旅の中で出会った美味いもの
コロナ感染も2年目に入りまだまだ旅に行ける状況でないが、せめて思い出話しで旅の楽しみを味わい直して見よう。
趣味の街並み探索の旅や仕事・学会などの出張で日本の色々な地方に行ったが、そこで自然や街並みの素晴らしさを発見すると共に美味しいモノとの出会いがその旅の懐かしい思い出を確かなものにしてくれる。
N社の研究所にいた頃開発中の新技術を車両で確認するため寒地実験を行った雪の札幌、居酒屋で初めて食べたごつい顔の魚八角の塩焼きの旨かったこと。屋外実験後の冷えた身体を暖めながら開発の夢を語りながら飲む日本酒にピッタリだった。
色々お世話になったG大学の先生が毎年暮に地元で開いてくれた忘年会は鴨料理のフルコースがお決まり、これを目当てに関東からも先生方が参加するが賑やかなお喋りと共に鴨ステーキから団子鍋そして最後の雑炊までお腹いっぱい堪能した。先生お気に入りのママがいる柳ヶ瀬のバーでのカラオケもまた楽しかった。

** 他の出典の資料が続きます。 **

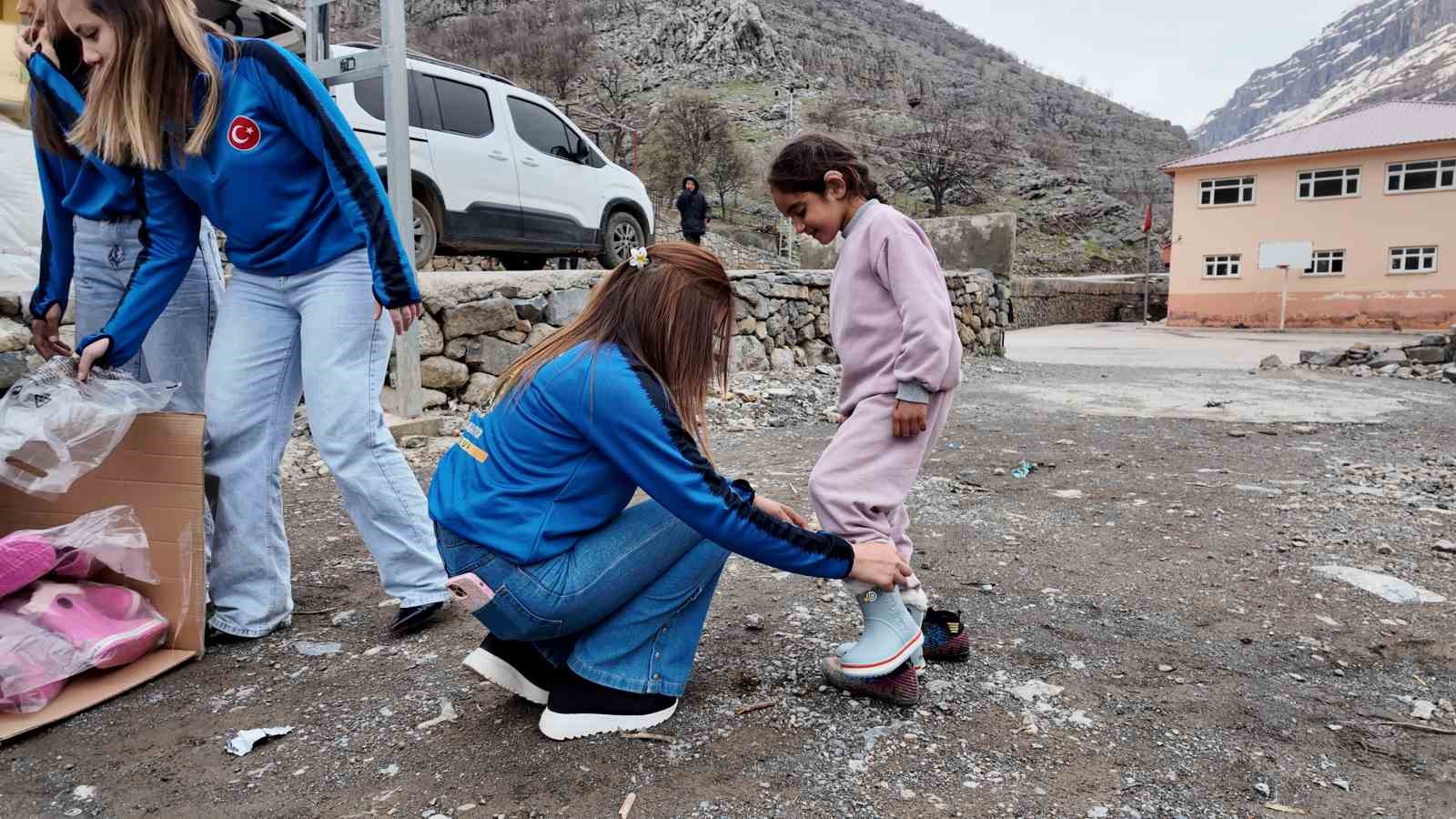 sirnakli koy cocuklarina anlamli hediye 3 1T9vVOLA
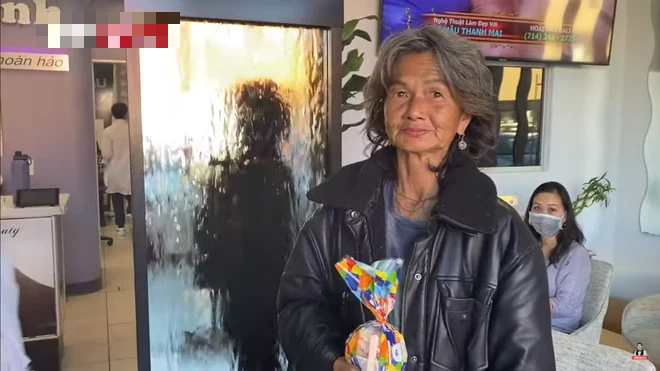 Kim Ngân hiện tại rất khỏe, ăn diện, biết dùng mỹ phẩm, đầu tóc chải chuốt-1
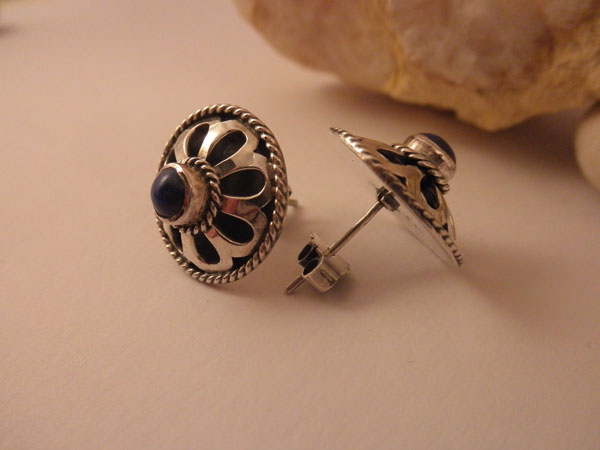 Sterling silver and Lapis lazuli earrings from India. Foto 3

学会で鳥取に行った時、親しくお付き合いをしていたT大学の先生がお酒好きの勘から探した呑み屋で食べた焼き白みる貝の肝はほろ苦さと濃厚な旨味でフォアグラより美味であった。飲み過ぎてホテルに帰るのが辛かったことまで覚えている。
未だ現役の頃趣味の古い街並み探訪の旅で萩を訪れた。昼間武家屋敷や明治の偉人の足跡などを見て歩き回り、夜街をぶらぶらして見つけた料理屋で食べた鰆のタタキ、明治維新の志士たちに想いを馳せ旅の感傷に浸りながら一人酒を楽しんだ懐かしい思い出である。
横浜から夜行寝台列車で運んだ折り畳み自転車で今治から尾道までしまなみ海道を走った時、一泊した伯方島の民宿で出してくれた山盛りの海の幸、中でも生車海老は甘くぷりぷりの食感に幸せな気持ちになりついついおかわりをお願いした。素晴らしい瀬戸内海の風景と共に自転車旅の一番の思い出になった。
会社をやめてから妻と四国をドライブした最後の目的地高知市で昼時探した居酒屋で食べたカツオの中落ち丼はマグロ以上に美味で定番のタタキとは違う旨さをカツオの地で発見した幸せな旅であった。
まだまだ旨いモノとの出会いの旅は岩手のキノコ汁など沢山あるが、土地の名物と言われているモノで思い出に残るのは余りないのは思い込みが強く実際食べた味とのギャップがあるからだろうか?
旅の醍醐味は偶然の出会いの楽しみだと思うし故に記憶に残る、だから旅はやめられない。